### About this exercise
Lines from the one holding "Smoke-Duck Tee" through the end of the entries, inclusive, form the whole output; reproduce them exactly and omit pictures.

(Short text fragments from websites)
============================================================

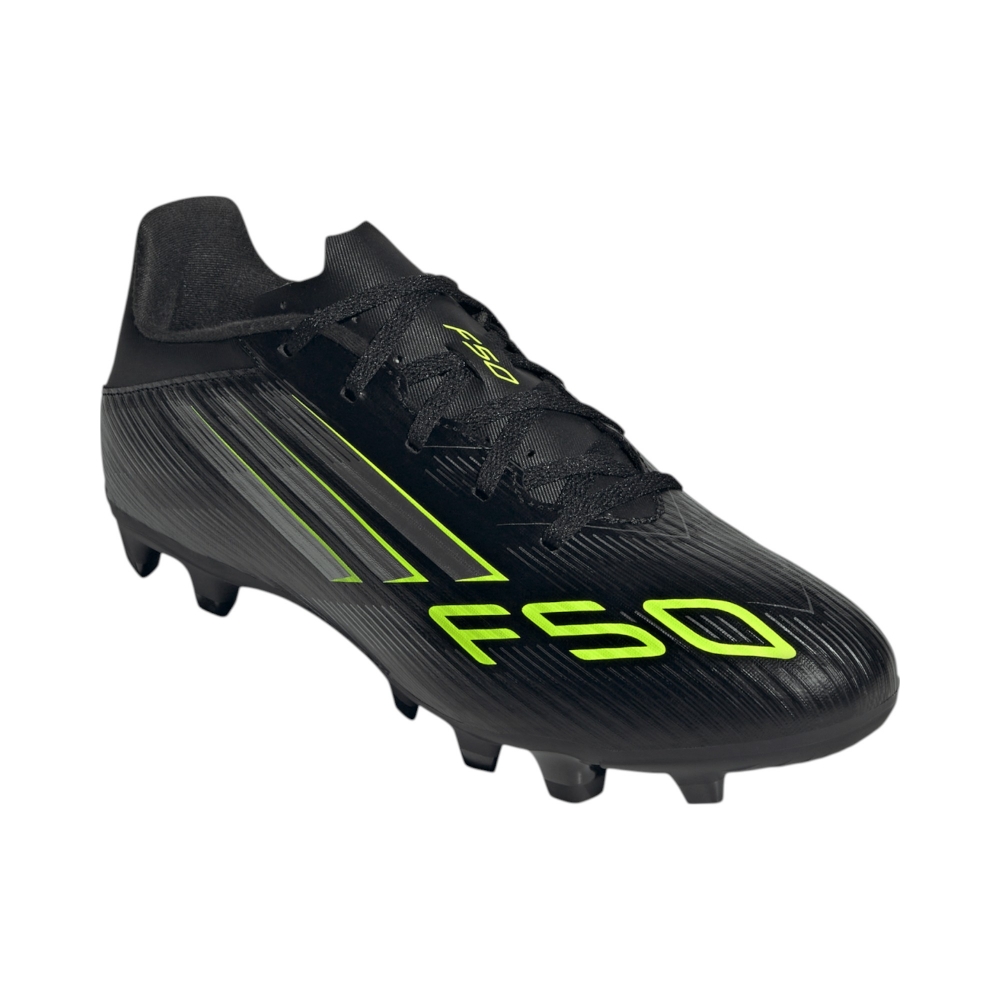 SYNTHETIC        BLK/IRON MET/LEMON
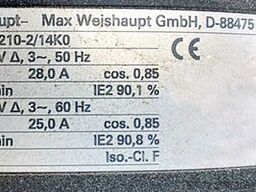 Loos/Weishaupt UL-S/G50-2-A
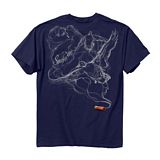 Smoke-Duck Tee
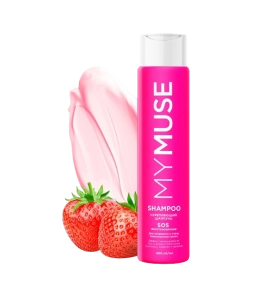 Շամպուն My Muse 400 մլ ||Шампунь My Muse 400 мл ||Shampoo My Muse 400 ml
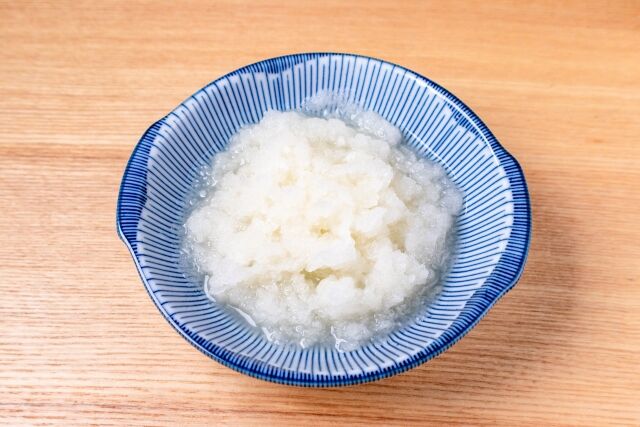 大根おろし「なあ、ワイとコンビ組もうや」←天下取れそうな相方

============================================================

### Exercise output
 Smoke-Duck Tee
 Շամպուն My Muse 400 մլ ||Шампунь My Muse 400 мл ||Shampoo My Muse 400 ml
 大根おろし「なあ、ワイとコンビ組もうや」←天下取れそうな相方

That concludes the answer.